BEGIN RECORDS PROVIDED

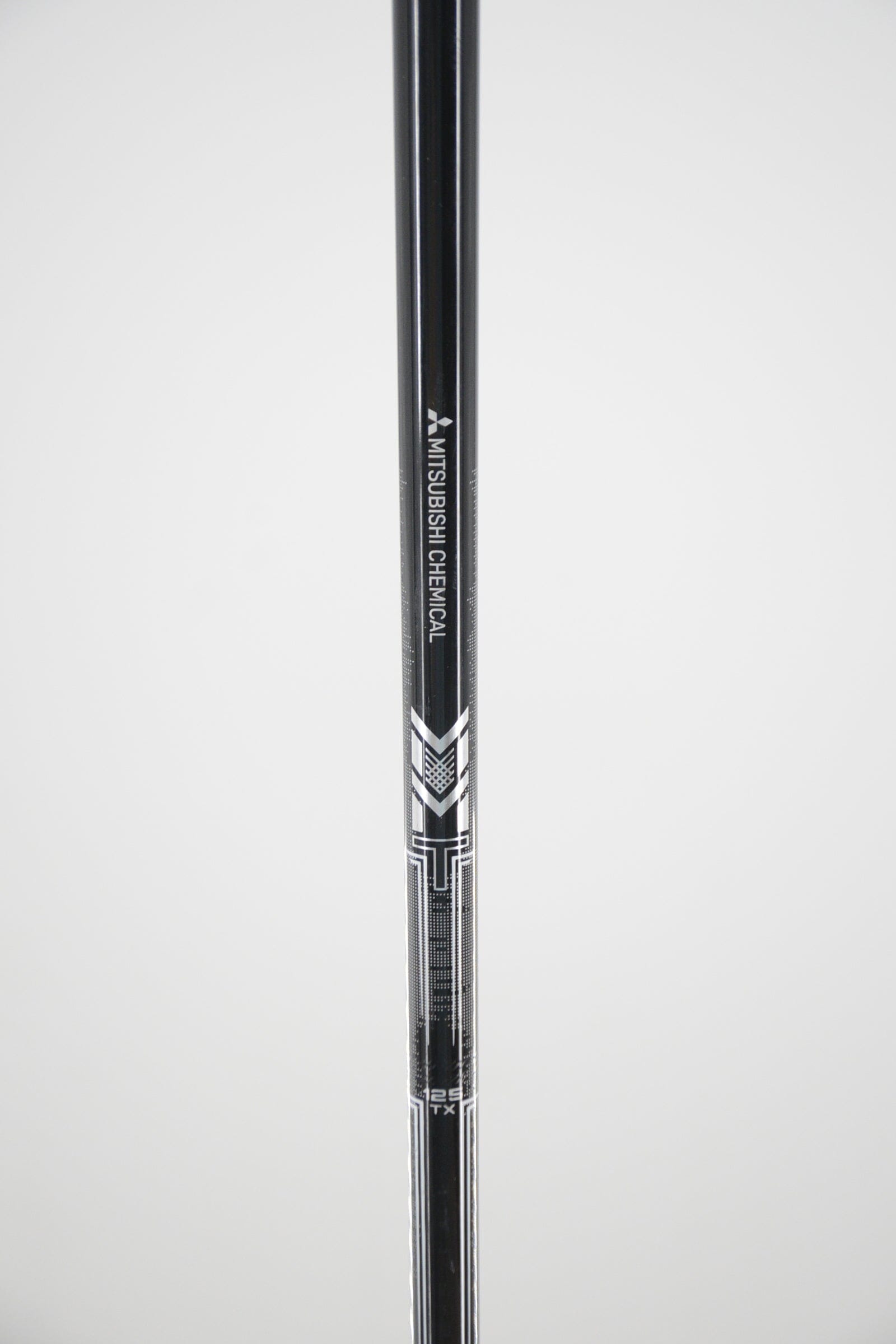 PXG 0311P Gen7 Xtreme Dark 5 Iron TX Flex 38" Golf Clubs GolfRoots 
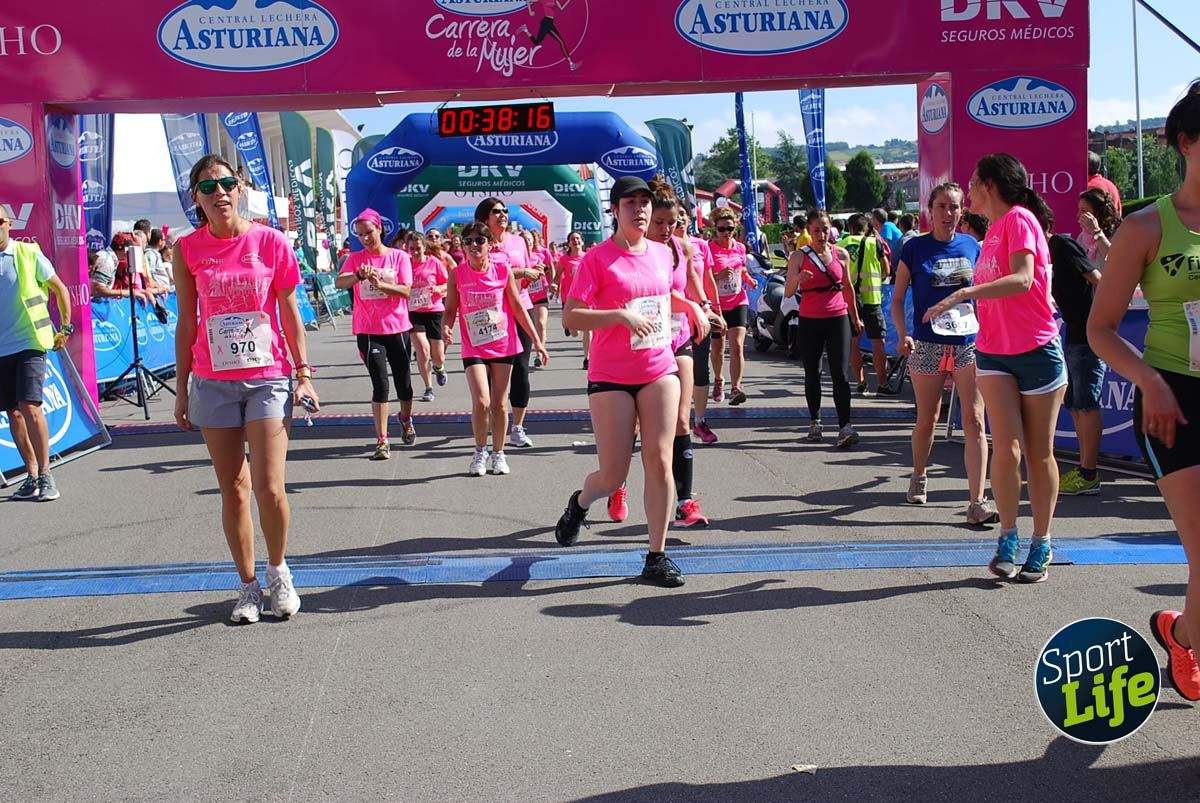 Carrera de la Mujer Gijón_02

END RECORDS PROVIDED
BEGIN RECORDS PROVIDED

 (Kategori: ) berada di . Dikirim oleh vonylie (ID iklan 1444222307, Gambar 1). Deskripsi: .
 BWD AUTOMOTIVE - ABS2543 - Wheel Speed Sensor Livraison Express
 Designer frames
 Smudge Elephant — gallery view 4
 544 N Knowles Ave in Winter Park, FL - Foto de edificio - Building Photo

END RECORDS PROVIDED
BEGIN RECORDS PROVIDED

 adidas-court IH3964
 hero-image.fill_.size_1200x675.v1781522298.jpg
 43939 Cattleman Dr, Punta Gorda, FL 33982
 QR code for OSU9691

END RECORDS PROVIDED

TASK ITEM — All lines above from the one with "Smudge Elephant — gallery view 4" to the one with "544 N Knowles", inclusive, should be copied exactly, and no other lines.

ANSWER TO THIS EXERCISE —
 Smudge Elephant — gallery view 4
 544 N Knowles Ave in Winter Park, FL - Foto de edificio - Building Photo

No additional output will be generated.